→ **What you are asked to do**
Can you return the records below exactly as they stand, but only from the first line through the one with "Casa Térrea Ampla"?

→ **Material supplied**
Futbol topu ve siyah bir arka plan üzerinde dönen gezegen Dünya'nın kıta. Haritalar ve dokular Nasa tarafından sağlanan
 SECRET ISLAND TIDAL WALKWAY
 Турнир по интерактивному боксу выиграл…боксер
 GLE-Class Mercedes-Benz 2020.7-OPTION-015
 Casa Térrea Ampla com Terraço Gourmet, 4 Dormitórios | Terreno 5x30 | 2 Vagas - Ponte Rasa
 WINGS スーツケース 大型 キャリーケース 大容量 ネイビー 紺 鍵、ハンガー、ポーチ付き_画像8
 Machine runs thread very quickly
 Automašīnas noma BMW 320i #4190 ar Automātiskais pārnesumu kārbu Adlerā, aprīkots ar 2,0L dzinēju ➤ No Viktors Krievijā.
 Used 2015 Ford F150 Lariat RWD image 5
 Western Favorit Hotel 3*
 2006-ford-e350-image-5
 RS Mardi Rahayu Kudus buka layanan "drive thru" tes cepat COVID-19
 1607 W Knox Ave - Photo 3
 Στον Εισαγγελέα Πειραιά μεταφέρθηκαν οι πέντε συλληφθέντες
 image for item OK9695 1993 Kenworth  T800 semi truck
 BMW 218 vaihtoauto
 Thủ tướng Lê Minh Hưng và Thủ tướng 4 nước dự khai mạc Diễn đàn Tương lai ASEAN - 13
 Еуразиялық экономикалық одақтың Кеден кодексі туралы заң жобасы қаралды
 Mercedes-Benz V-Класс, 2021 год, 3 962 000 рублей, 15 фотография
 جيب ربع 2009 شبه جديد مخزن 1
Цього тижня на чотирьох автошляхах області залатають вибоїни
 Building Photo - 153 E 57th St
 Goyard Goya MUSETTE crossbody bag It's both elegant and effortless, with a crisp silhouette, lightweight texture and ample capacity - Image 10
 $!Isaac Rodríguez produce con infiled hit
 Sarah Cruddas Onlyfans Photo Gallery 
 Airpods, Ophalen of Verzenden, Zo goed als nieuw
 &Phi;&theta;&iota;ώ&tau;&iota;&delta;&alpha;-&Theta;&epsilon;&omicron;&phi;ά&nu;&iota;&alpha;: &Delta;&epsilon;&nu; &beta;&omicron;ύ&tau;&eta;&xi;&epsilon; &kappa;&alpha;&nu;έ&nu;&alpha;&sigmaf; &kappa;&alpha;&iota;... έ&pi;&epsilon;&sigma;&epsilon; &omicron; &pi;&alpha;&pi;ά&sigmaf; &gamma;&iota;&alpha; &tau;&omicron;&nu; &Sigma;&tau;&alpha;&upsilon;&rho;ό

→ **Answer box**
Futbol topu ve siyah bir arka plan üzerinde dönen gezegen Dünya'nın kıta. Haritalar ve dokular Nasa tarafından sağlanan
 SECRET ISLAND TIDAL WALKWAY
 Турнир по интерактивному боксу выиграл…боксер
 GLE-Class Mercedes-Benz 2020.7-OPTION-015
 Casa Térrea Ampla com Terraço Gourmet, 4 Dormitórios | Terreno 5x30 | 2 Vagas - Ponte Rasa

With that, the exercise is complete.